Hace casi dos años llegó otra gran sorpresa: The Washington Post compró FP al Carnegie Endowment. Una vez más, se trató de una decisión que iba en contra de las tendencias dominantes. Mientras las revistas estaban cerrando o reduciéndose en todas partes, FP iba a crecer. Aunque la fe en los medios impresos estaba disminuyendo, nuestros nuevos dueños estaban dispuestos a apostar por la publicación. Pese a que los analistas del sector afirmaban que, para sobrevivir, los periódicos y revistas debían convertirse en entidades sin ánimo de lucro subvencionadas por fundaciones o filántropos, Foreign Policy había pasado de manos de un think-tank a una empresa comercial que cotizaba en bolsa.

Este inesperado paso también ha sido muy beneficioso para FP y sus lectores. Hoy contamos con el apoyo de una de las empresas de medios de comunicación más respetadas del mundo. Nuestra integración con el Slate Group –también propiedad de The Washington Post Company– nos permitió aprovechar la experiencia digital de quienes fueron pioneros en las revistas en Internet. La directora ejecutiva de FP, Susan Glasser, que va a ser mi sucesora, ha encabezado el esfuerzo que ha hecho de foreignpolicy.com una página web indispensable para millones de personas en todo el mundo. Y, como en años anteriores, FP sigue ganando National Magazine Awards.  Estoy seguro de que, con la dirección de Susan y el resto del equipo, FP continuará en esta trayectoria.  Producir una revista excelente ya es algo profundamente arraigado en la cultura organizativa de Foreign Policy.

Esta convicción facilita enormemente mi decisión de dejar FP. Sé que la revista queda en buenas manos y que seguirá atrayendo a lectores y a grandes autores, publicando un producto atractivo y elegante, triunfando en Internet y sorprendiendo a todos con la inteligencia y originalidad de su contenido.

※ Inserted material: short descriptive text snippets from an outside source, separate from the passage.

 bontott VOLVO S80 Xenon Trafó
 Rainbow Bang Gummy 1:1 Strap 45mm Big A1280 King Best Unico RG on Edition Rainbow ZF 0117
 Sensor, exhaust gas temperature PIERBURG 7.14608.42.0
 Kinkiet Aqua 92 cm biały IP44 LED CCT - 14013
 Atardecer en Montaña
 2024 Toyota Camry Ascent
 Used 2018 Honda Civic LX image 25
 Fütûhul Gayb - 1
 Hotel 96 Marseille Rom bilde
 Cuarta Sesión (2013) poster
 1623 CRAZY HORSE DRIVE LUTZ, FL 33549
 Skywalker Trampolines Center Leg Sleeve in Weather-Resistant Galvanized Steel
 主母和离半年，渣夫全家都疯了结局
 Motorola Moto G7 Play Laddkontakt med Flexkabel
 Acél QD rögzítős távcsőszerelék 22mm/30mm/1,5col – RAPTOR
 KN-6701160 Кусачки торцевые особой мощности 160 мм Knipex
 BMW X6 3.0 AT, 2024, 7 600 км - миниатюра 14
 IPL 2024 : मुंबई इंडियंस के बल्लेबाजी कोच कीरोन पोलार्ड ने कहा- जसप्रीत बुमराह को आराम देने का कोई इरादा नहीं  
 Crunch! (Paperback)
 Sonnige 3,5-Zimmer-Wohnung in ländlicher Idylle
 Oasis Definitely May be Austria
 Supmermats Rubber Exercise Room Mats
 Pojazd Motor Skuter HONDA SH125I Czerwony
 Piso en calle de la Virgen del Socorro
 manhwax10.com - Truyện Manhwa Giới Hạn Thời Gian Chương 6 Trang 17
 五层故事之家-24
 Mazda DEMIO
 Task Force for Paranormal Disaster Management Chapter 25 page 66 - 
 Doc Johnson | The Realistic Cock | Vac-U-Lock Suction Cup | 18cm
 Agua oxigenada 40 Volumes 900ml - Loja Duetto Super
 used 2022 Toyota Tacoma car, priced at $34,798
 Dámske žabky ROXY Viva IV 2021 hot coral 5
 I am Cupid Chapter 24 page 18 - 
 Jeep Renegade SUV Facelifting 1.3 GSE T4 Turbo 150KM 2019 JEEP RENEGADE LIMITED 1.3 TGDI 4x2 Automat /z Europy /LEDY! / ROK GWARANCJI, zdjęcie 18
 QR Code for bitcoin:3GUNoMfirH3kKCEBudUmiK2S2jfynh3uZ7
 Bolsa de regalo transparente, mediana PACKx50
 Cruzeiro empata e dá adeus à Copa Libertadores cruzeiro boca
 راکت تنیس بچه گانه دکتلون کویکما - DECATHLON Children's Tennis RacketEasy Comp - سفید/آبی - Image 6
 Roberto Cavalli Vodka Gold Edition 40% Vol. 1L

Dirigir Foreign Policy es el mejor trabajo que he tenido. Tuve la suerte de desempeñarlo durante un periodo de inmensos cambios que sorprendieron a los entendidos, asombraron a los expertos y confundieron a los gobernantes. Tratar de comprender todo eso y explicarlo a nuestros lectores, con la ayuda de algunas de las mejores mentes del mundo y de un brillante grupo de colegas, fue un privilegio extraordinario. Desde mi puesto en FP, vi cómo las exportaciones de China crecieron nueve veces con respecto a su volumen en 1996, un año en el que la economía de India era tres veces menor que hoy. Presencié cómo unos rebeldes desconocidos, los talibanes, llegaban al poder en Afganistán, caían derrotados, se recuperaban, y hoy parecen estar de nuevo a la defensiva. Ya en 1997 hablamos sobre Al Qaeda; en 2000 explicamos las motivaciones de los terroristas suicidas y previmos el colapso financiero de las empresas de Internet. Luego vinieron el 11-S, Afganistán, Irak y los atentados terroristas desde Bali hasta Madrid, para acabar con la crisis económica de 2008. Ha sido una educación extraordinaria. Aprendí cómo se malinterpretaban en Pekín las decisiones de Washington –y viceversa– y vi cómo las fuerzas económicas pueden arrasar con arraigadas tradiciones culturales o verse contenidas por el nacionalismo. Contemplé cómo se obtiene y se usa el poder, cómo se abusa de él, cómo se desperdicia, se pierde y, a veces, se recobra. Siempre intenté dar a nuestros lectores ejemplos concretos de cómo la globalización, los mercados y la democracia configuran el mundo, junto con fuerzas más siniestras, como las desigualdades económicas, la injusticia social y muchos otros problemas. Sobre todo, confirmé, una y otra vez, que no hay nada más poderoso que las ideas.

Ahora he decidido continuar con mi educación desde otra perspectiva. Voy a volver a mi antigua casa en el Carnegie Endowment, donde tendré el privilegio de reflexionar y escribir sobre estos mismos intereses sin la presión de los plazos de cierre ni las complejas exigencias a las que se enfrentan todos los directores de publicaciones. Tengo previsto escribir un libro –más de uno– sobre lo que he aprendido en FP. Y por supuesto voy a continuar con mi columna de todos los domingos.

Me voy de la revista con enorme gratitud hacia quienes hicieron de estos 14 años una fascinante aventura intelectual. Pero, sobre todo, me voy con enorme orgullo por lo que es hoy Foreign Policy, inmenso entusiasmo ante lo que va a ser y una gran curiosidad acerca de las fuerzas globales que moldean nuestras vidas. Muchas gracias por leerme.